START DATA SHOWN

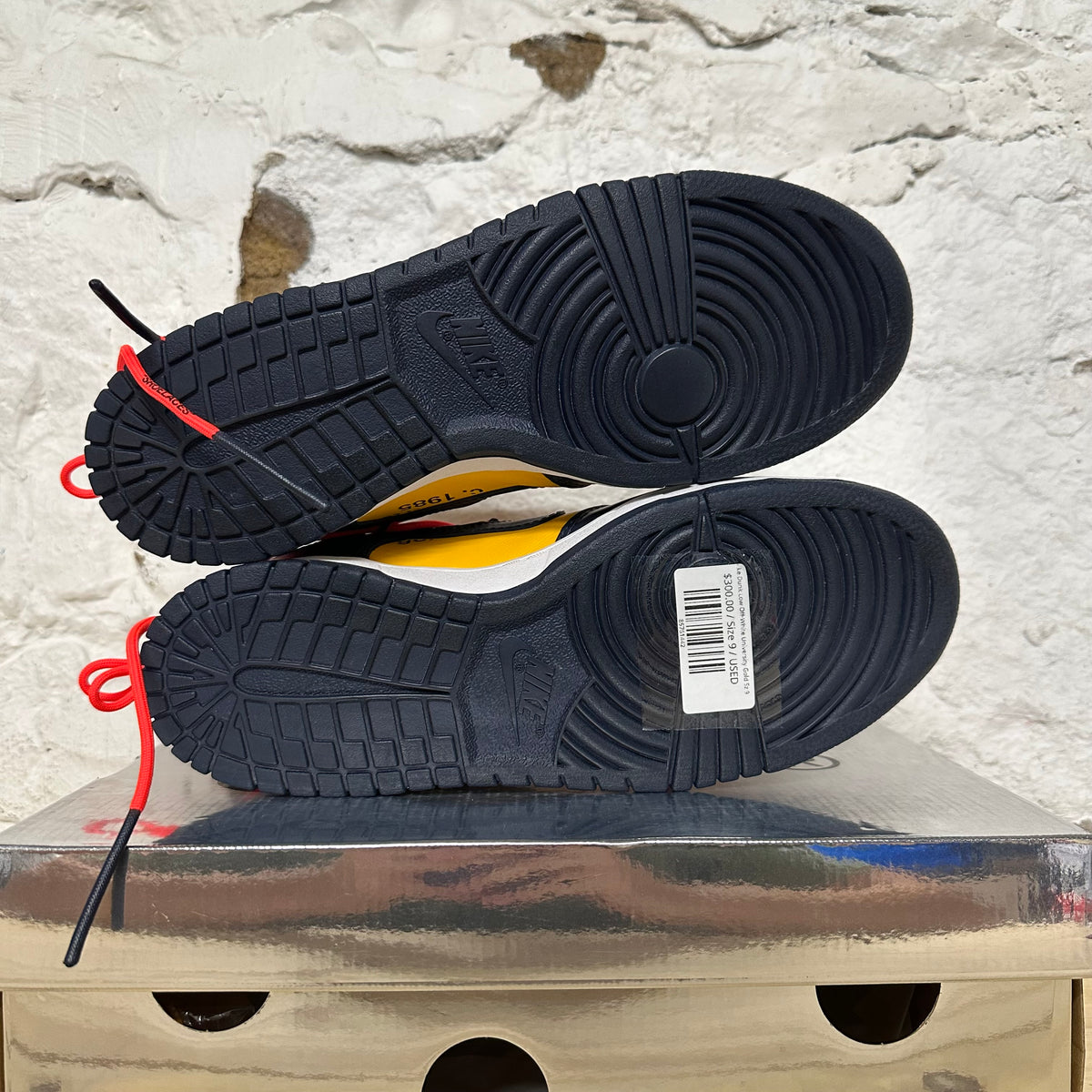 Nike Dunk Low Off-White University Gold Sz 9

END DATA SHOWN
START DATA SHOWN

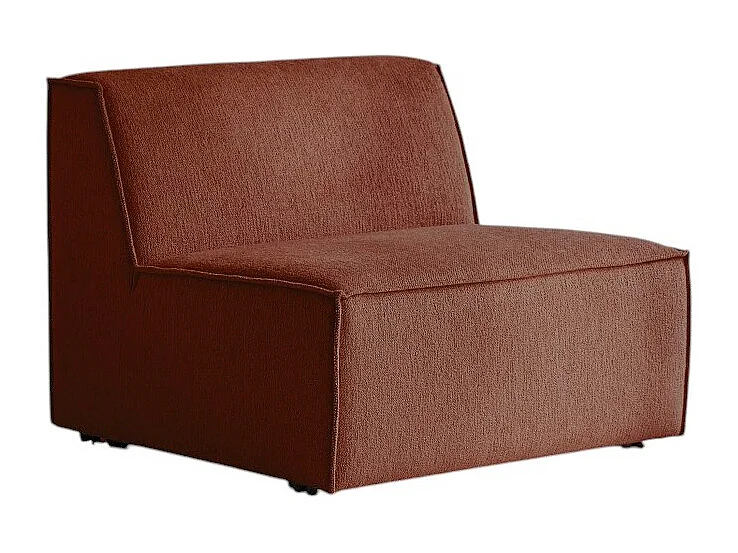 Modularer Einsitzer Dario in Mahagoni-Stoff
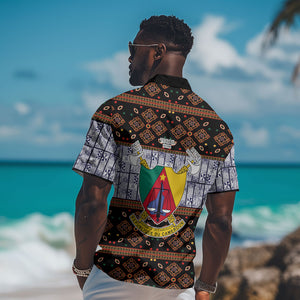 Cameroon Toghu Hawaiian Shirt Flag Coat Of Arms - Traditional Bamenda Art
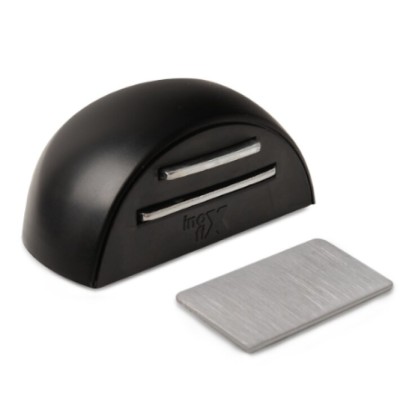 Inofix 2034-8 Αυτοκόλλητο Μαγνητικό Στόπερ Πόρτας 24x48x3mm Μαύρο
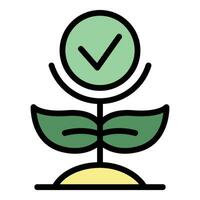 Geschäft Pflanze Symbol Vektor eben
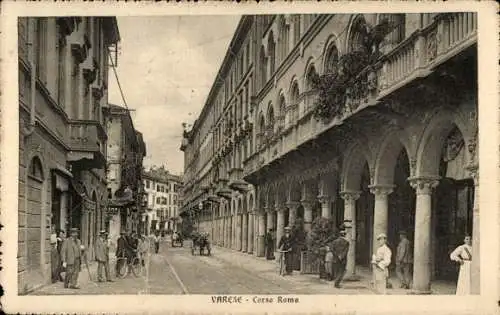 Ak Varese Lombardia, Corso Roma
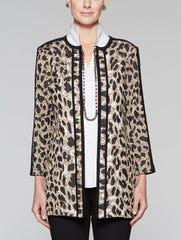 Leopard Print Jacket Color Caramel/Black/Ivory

END DATA SHOWN
START DATA SHOWN

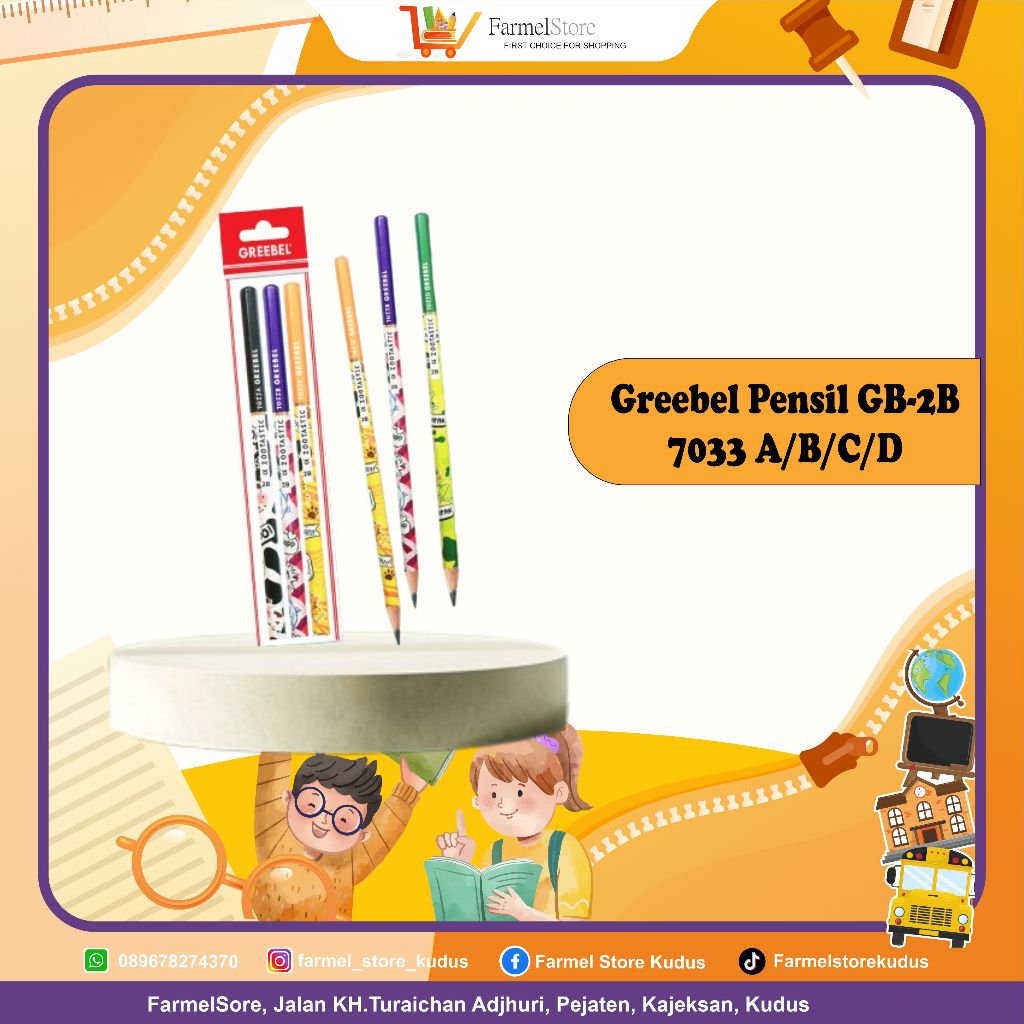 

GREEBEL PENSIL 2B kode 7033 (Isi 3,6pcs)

END DATA SHOWN

YOUR OBJECTIVE: In the records above, find the line with "Inofix 2034-8 Αυτοκόλλητο" and the line with "Leopard Print Jacket"; please transcribe exactly those two lines and all lines between them, omitting any picture.

RESPONSE TO THIS TASK:
 Inofix 2034-8 Αυτοκόλλητο Μαγνητικό Στόπερ Πόρτας 24x48x3mm Μαύρο
 Geschäft Pflanze Symbol Vektor eben
 Ak Varese Lombardia, Corso Roma
 Leopard Print Jacket Color Caramel/Black/Ivory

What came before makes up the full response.